[HOW TO COMPLETE THIS TASK] Write the entries again exactly, with no line missing.

[ENTRIES SUPPLIED]
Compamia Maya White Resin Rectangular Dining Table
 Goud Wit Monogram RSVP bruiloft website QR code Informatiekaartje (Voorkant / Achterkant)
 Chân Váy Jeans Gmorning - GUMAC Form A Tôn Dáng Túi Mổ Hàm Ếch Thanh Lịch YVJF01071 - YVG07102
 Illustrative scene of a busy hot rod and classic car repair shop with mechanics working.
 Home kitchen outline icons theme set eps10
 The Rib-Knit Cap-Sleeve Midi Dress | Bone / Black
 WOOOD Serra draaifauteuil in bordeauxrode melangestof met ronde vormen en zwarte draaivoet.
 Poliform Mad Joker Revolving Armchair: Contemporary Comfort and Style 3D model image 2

[SOLUTION TO THE PROBLEM]
Compamia Maya White Resin Rectangular Dining Table
 Goud Wit Monogram RSVP bruiloft website QR code Informatiekaartje (Voorkant / Achterkant)
 Chân Váy Jeans Gmorning - GUMAC Form A Tôn Dáng Túi Mổ Hàm Ếch Thanh Lịch YVJF01071 - YVG07102
 Illustrative scene of a busy hot rod and classic car repair shop with mechanics working.
 Home kitchen outline icons theme set eps10
 The Rib-Knit Cap-Sleeve Midi Dress | Bone / Black
 WOOOD Serra draaifauteuil in bordeauxrode melangestof met ronde vormen en zwarte draaivoet.
 Poliform Mad Joker Revolving Armchair: Contemporary Comfort and Style 3D model image 2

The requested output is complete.